[3. Carrière du travailleur]

À son entrée dans la vie active un jeune travailleur, tout en acceptant loyalement de gravir un par un les premiers échelons de rémunération professionnelle, a le droit de considérer le salaire légal maximum comme un objectif qu’il est raisonnable d’envisager au cas où ses dons naturels et son application au travail le lui permettent. Pour que ce droit soit reconnu, il faut que certains obstacles qui barrent sa route soient levés. Limiter son éducation à un certain niveau en est un. Nous en reparlerons plus loin; c’est un obstacle qui pour la société capitaliste est constitutionnel et fait partie de son système de défense. Dans le cas qui nous occupe maintenant, dans l’hypothèse d’une monnaie basée sur une détermination légale des salaires, un autre obstacle surgirait vite, si l’éventail des salaires faisait du salaire maximum pour la plupart des travailleurs un objectif inabordable parce que placé trop haut et par conséquent imaginaire et strictement théorique.

Pour que ce salaire maximum soit un objectif pratique auquel chacun, avec les réserves évidentes signalées plus haut, puisse prétendre accéder un jour, il est évident qu’il doit être calculé en fonction d’un élément absolument indispensable dans un tel calcul, je veux parler du temps. Pour chiffrer intelligemment ce salaire maximum, il est nécessaire de se poser la question suivante : Combien d’années faudra-t-il à un travailleur ayant atteint, à 20 ou 21 ans par exemple, le salaire de base pour atteindre ensuite le salaire légal maximum ?

Car le problème est là; pour un travailleur, fidèle à son milieu social, qui progresse normalement d’étape en étape sans transiter d’une classe sociale à l’autre à la suite de circonstances particulières, combien d’années de travail seront nécessaires pour parcourir le chemin qui va du point de départ jusqu’à la ligne d’arrivée ?

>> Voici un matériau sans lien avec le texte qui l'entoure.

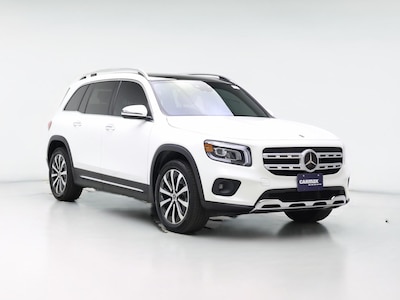 2022 Mercedes-Benz GLB250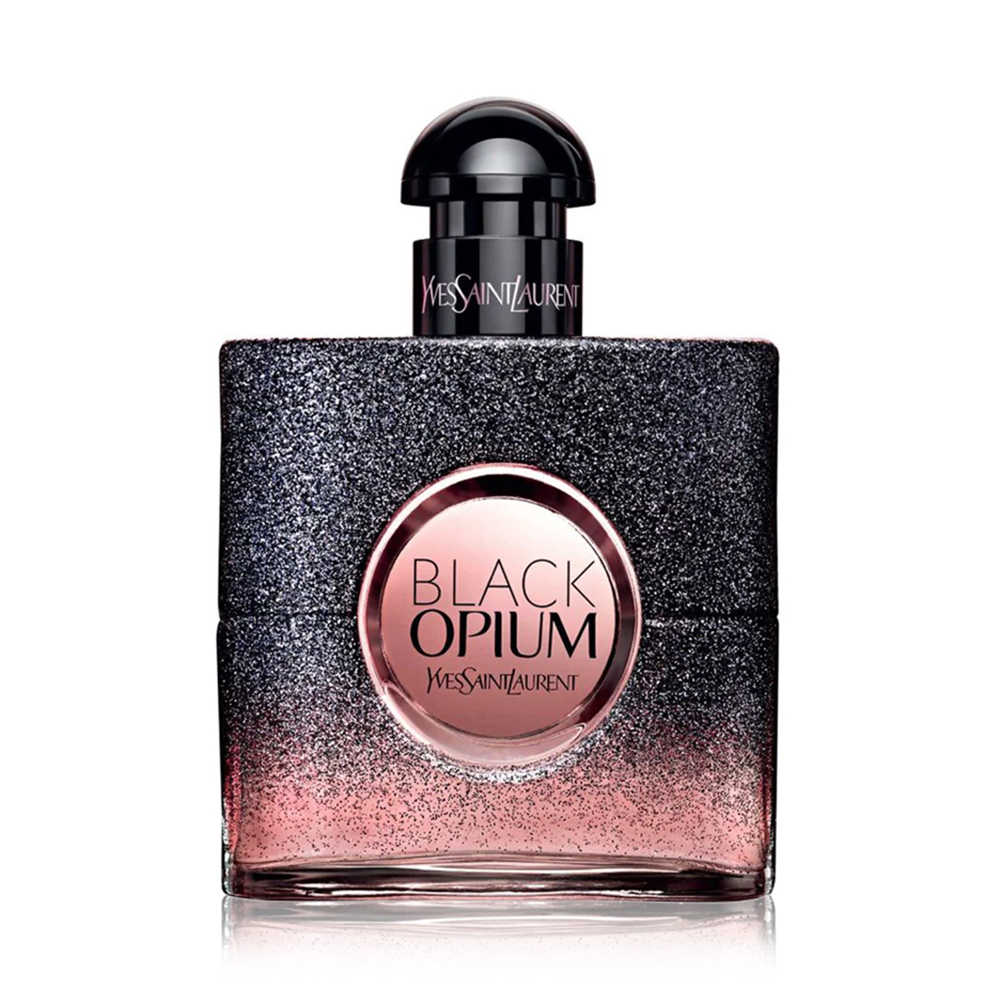 عطر بلاك اوبيوم فلورال شوك للنساء - 90 مل - مركز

Poser la question de cette manière, c’est trouver la solution directement, sans calculs compliqués et sans faire appel à des formules étranges. Le déroulement normal d’une vie de labeur doit représenter le délai nécessaire à l’accomplissement de cette ascension. Il serait absurde d’imaginer qu’un tel programme de vie professionnelle puisse s’accomplir en quelques années. Il serait ridicule de situer le salaire maximum si haut qu’une vie humaine ne puisse contenir la somme d’années nécessaire pour gravir le penchant de la colline jusqu’au bout, et à atteindre la dernière fraction du chemin, là où l’on peut enfin progresser en terrain plat. En considérant donc les choses de cette façon, en s’attachant à cette idée directrice que le salaire de base et le salaire maximum ne concernent absolument pas deux individus différents A et B, mais le même individu AB, appelé A quand il a 20 ans et B quand il en a 60, on s’aperçoit que l’inégalité des salaires ne présuppose pas une inégalité sociale pré-établie. Elle se justifie au contraire par une constatation évidente pour tous, c’est que l’inégalité des salaires doit tirer sa justification de l’inégalité des âges. Une vie professionnelle consiste à faire carrière, c’est-à-dire à escalader barreau après barreau l’échelle des salaires. Il est donc à ce moment normal et juste qu’un écart de dix ans entre deux travailleurs se traduise par un écart correspondant sur l’échelle des salaires, et cela jusqu’au soir de la vie où les uns ne s’élevant plus, les autres successivement les rejoignent au niveau maximum.

En vérité les écarts de salaires en eux-mêmes ne créent pas d’inégalités sociales; bien au contraire, ce sont les inégalités sociales préexistantes qui, en multipliant pour les uns les handicaps et pour les autres les raccourcis, faussent l’inégalité naturelle des âges et créent les inégalités artificielles de castes, des inégalités condamnables, qui déchirent la nation en morceaux, engendrent elles-mêmes des générations nouvelles d’inégalités de condition et linalement la guerre civile, car elles finissent par mettre en danger la liberté individuelle du plus grand nombre.